US Billionaires 'pay almost no income tax'

ProPublica says it has seen the tax returns of some of the world's richest people, including Jeff Bezos, Elon Musk and Warren Buffett. The website alleges Amazon's Mr Bezos paid no tax in 2007 and 2011, while Tesla's Mr Musk paid nothing in 2018.

ProPublica said it was analysing what it called a "vast trove of Internal Revenue Service data" on the taxes of the billionaires, and would release further details over coming weeks.

The alleged leak comes at a time of growing debate about the amount of tax paid by the wealthy and widening inequality. ProPublica said the richest 25 Americans pay less in tax - an average of 15.8% of adjusted gross income - than most mainstream US workers.




So while the value of their wealth grows enormously through their ownership of shares in their company, that's not recorded as income. Billionaires buy an asset, build one or inherit a fortune, and then borrow against their wealth. Because they don't realise any gains or sell any stock, they're not taking any income, which could be taxed.

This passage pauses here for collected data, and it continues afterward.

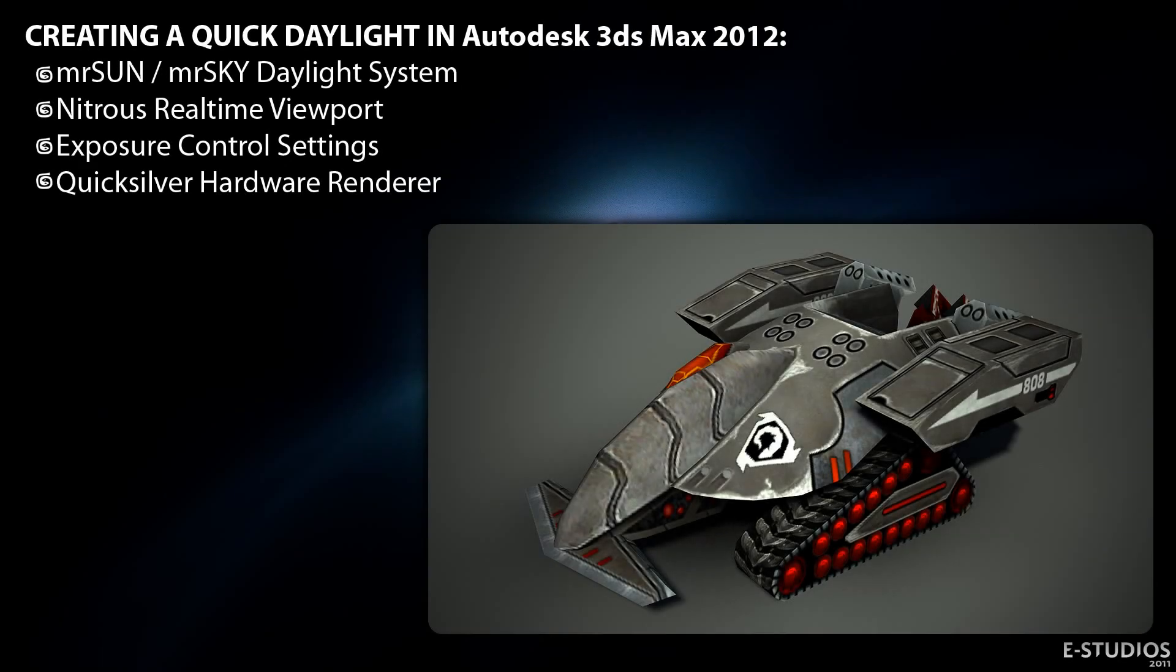Hello, this is Chris's computer speaking. Today we are going to make a scene set up with the Autodesk 3ds Max Daylight System.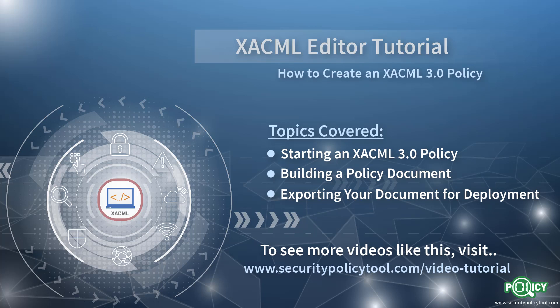In this example, we will be demonstrating how to create an XACML 3.0 policy in the Security Policy Tool XACML Editor.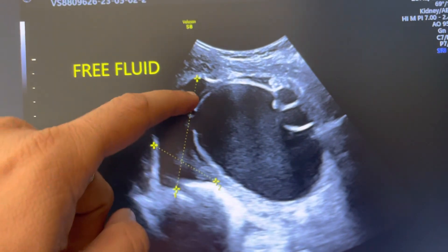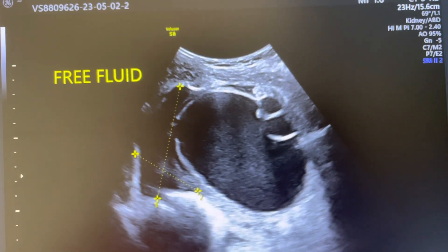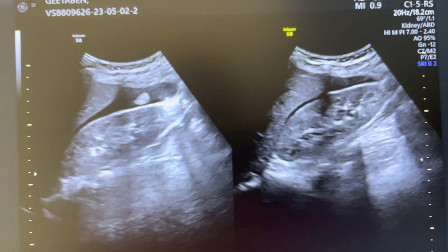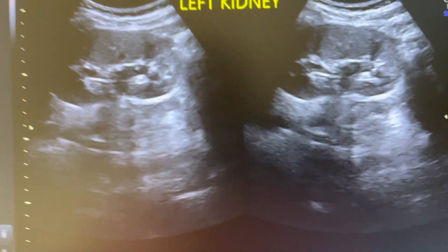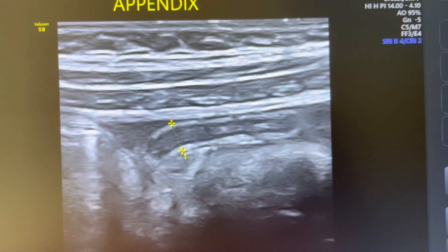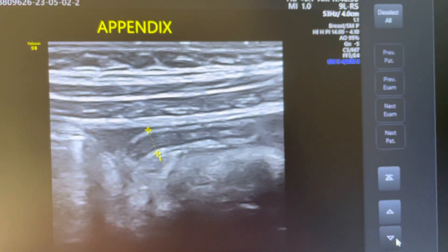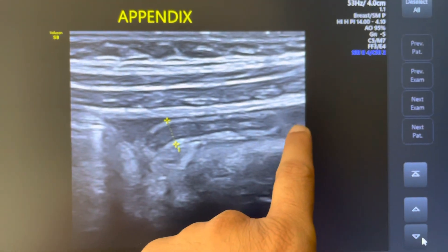There is free fluid in the pelvis and in the independent renal space. The left kidney showed mild hydronephrosis. The appendix appeared normal but had a little fluid inside, and there is some free fluid in the pelvis.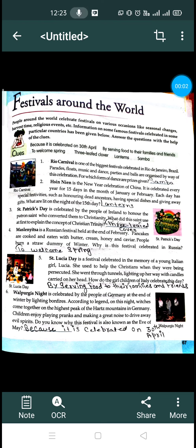Good morning everyone. I hope you all are preparing for our exams. Please start studying. Today I will be teaching you chapter 62 of your GK, and this is about festivals around the world. In this chapter we will be reading about festivals around the world.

Using perfectly legal tax strategies, many of the super-rich are able to shrink their federal tax bills to nothing or close to it even as their wealth soared over the past few years.

The wealthy, as with many ordinary citizens, are able to reduce their income tax bills via such things as charitable donations and drawing money from investment income rather than wage income.

ProPublica, using data collected by Forbes magazine, said the wealth of the 25 richest Americans collectively jumped by $401bn from 2014 to 2018 - but they paid $13.6bn in income tax over those years. President Joe Biden has vowed to increase tax on the richest Americans as part of a mission to improve equality and raise money for his massive infrastructure investment programme. He wants to raise the top rate of tax, double the tax on what high earners make from investments, and change inheritance tax.

ProPublica, an investigative website, has written several articles about how budget cuts at the US Internal Revenue Service have hampered its ability to enforce tax rules on the wealthy and large corporations. The news organisation said it received the leaked documents in response to these articles.

What's going wrong here? Let's take a very simplified analysis. If the shares I own in the company I founded are worth £1bn at the beginning of the tax year and rise to a value of £2bn by the end of the tax year - how much income tax do I owe? Zero. Because while I am twice as rich, I received zero income.

On the other hand, if I have zero assets, and I make £30,000 in income, I will pay roughly £6,000 in income tax and national insurance. 

Small wonder that many politicians around the world (Elizabeth Warren in the US and Jeremy Corbyn/John McDonnell in the UK) and academics such as Thomas Piketty have argued for a way to tax wealth, not income.

Defenders of the present model say it is capitalism at work - but as with the new global consensus on taxing multinationals - the clamour for tax change is getting louder. The same can be said for Malaysia. We need a major tax reform but the elite will resist and promote GST – a regressive tax that impacts the poor more than the rich.